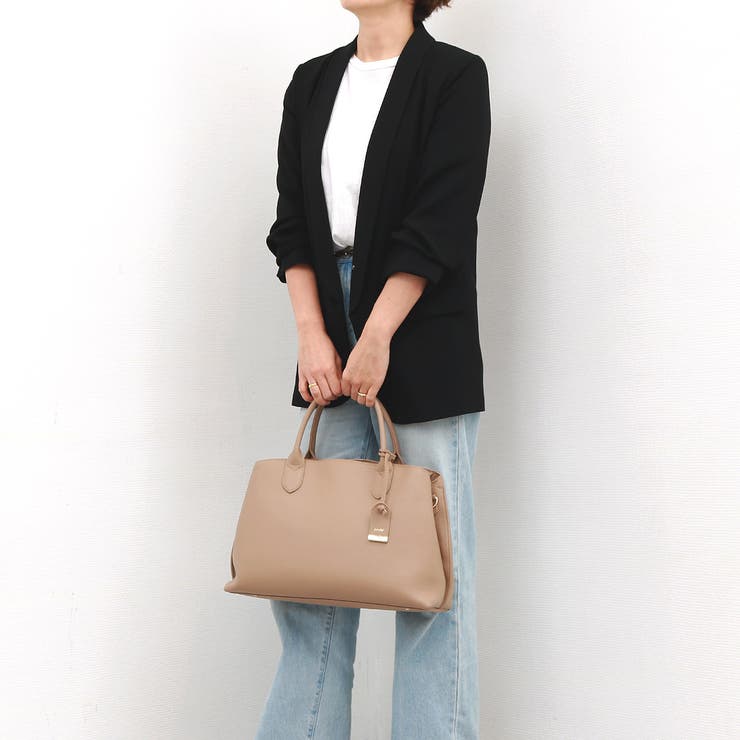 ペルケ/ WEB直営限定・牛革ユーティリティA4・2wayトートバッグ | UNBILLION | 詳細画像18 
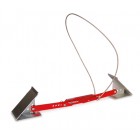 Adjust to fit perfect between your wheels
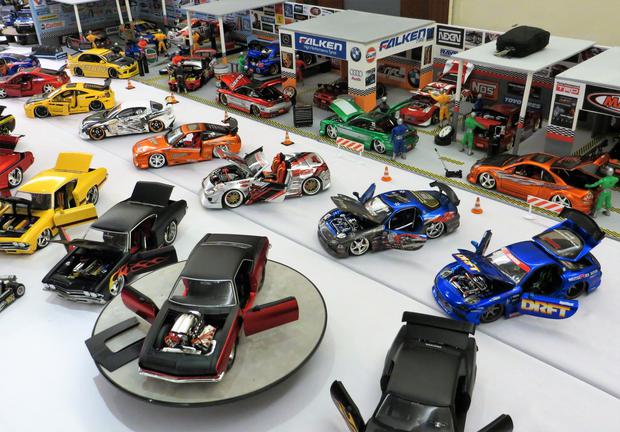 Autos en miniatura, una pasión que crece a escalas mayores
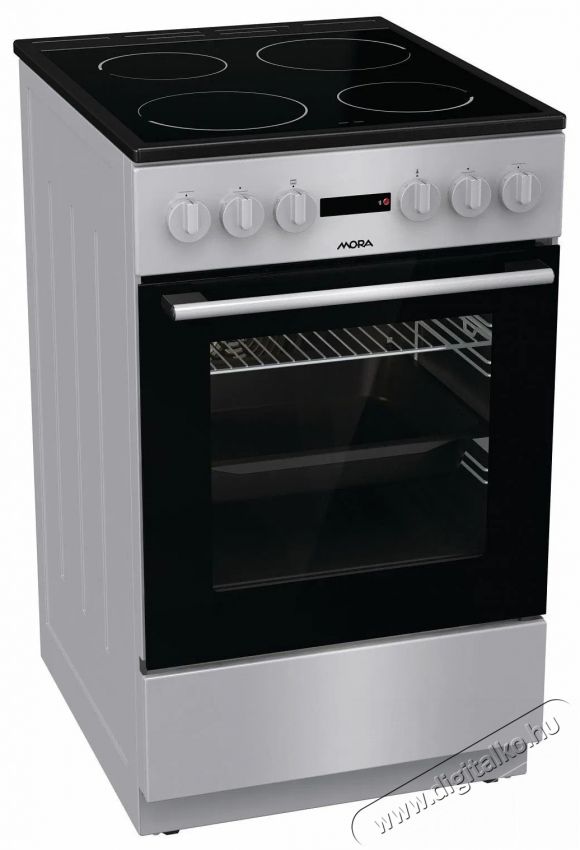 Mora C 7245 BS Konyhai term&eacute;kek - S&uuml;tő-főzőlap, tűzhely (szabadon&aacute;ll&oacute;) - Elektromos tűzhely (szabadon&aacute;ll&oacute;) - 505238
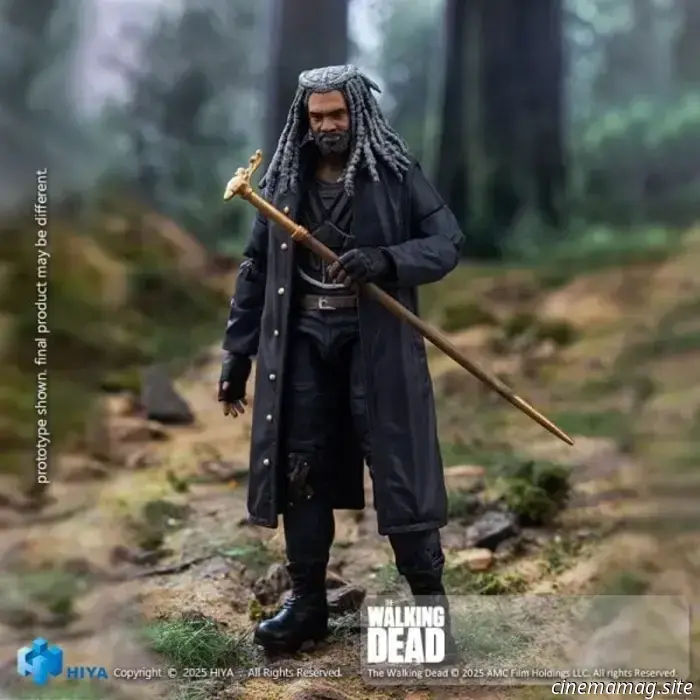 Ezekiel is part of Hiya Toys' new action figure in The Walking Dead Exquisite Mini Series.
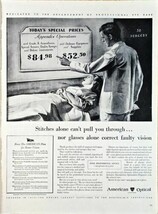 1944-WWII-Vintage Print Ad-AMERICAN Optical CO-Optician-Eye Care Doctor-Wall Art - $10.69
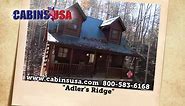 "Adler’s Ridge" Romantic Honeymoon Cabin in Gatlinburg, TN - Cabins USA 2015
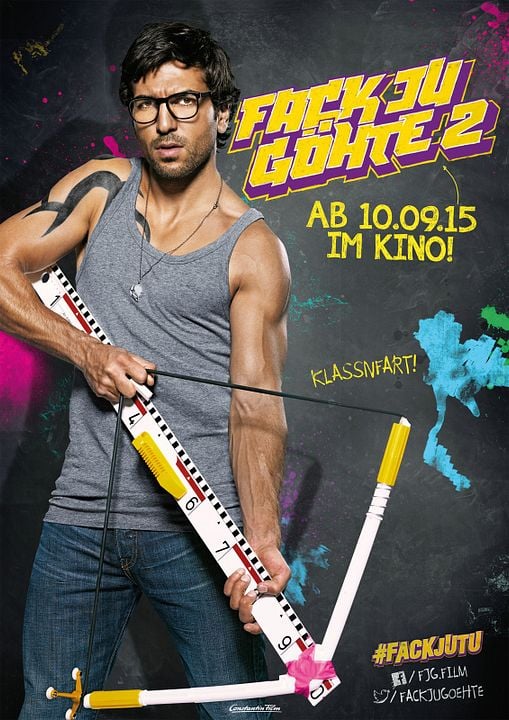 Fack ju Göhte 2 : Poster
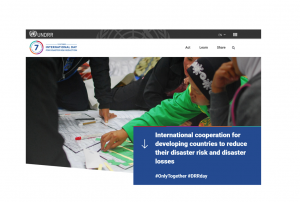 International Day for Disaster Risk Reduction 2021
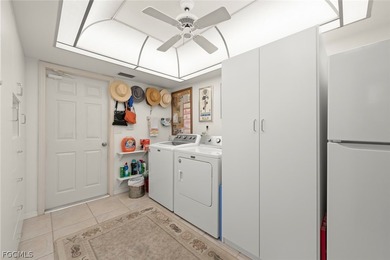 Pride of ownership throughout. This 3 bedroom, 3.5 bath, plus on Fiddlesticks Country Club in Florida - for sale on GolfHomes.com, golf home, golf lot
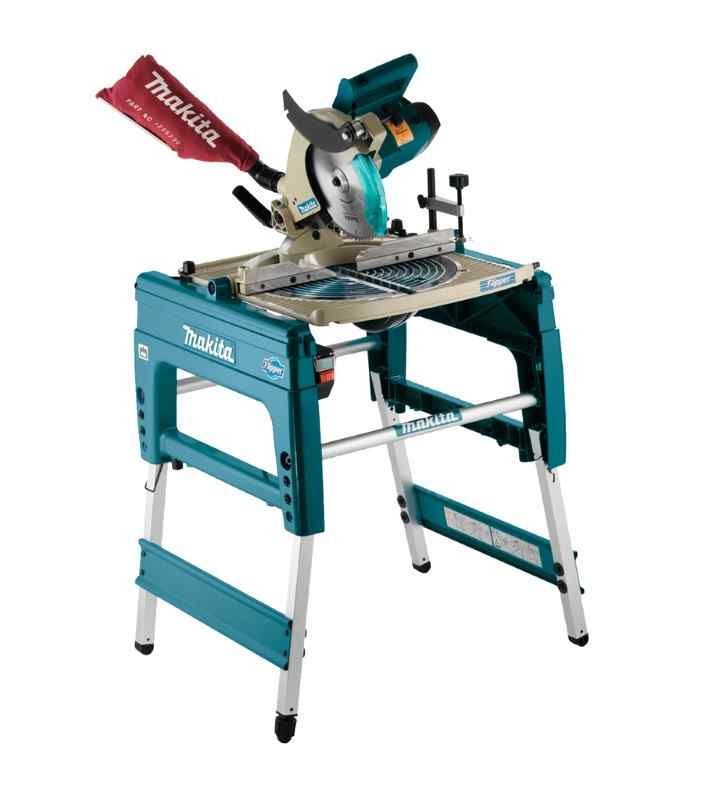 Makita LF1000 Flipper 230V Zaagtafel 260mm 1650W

=====

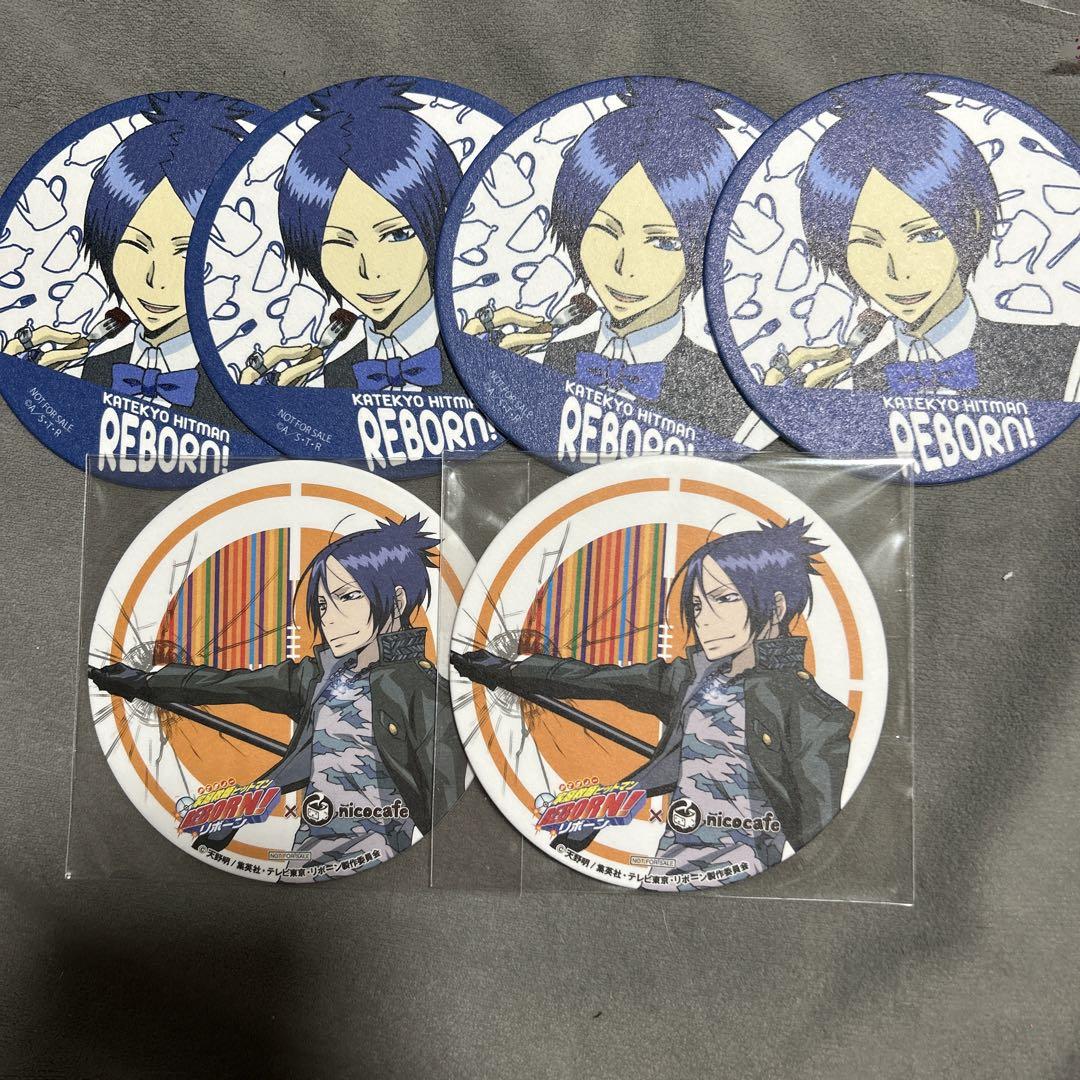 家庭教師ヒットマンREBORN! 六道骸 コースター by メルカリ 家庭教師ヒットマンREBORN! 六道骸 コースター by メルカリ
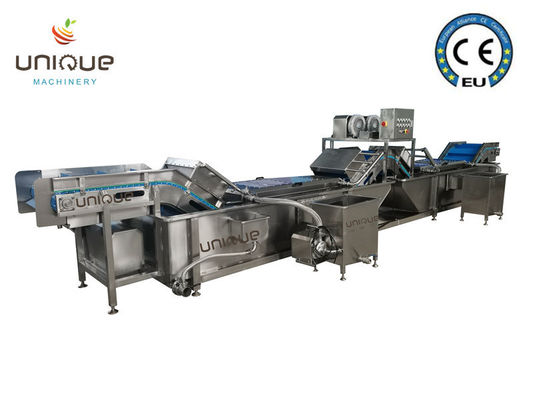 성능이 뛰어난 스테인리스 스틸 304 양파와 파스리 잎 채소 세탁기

=====

** WHAT IS NEEDED **
The lines to reproduce run from the one above containing "Adjust to fit perfect between your wheels" through the one containing "Mora C 7245". Copy them exactly and leave out all pictures.

** SOLUTION TO THIS TASK **
 Adjust to fit perfect between your wheels
 Autos en miniatura, una pasión que crece a escalas mayores
 Mora C 7245 BS Konyhai term&eacute;kek - S&uuml;tő-főzőlap, tűzhely (szabadon&aacute;ll&oacute;) - Elektromos tűzhely (szabadon&aacute;ll&oacute;) - 505238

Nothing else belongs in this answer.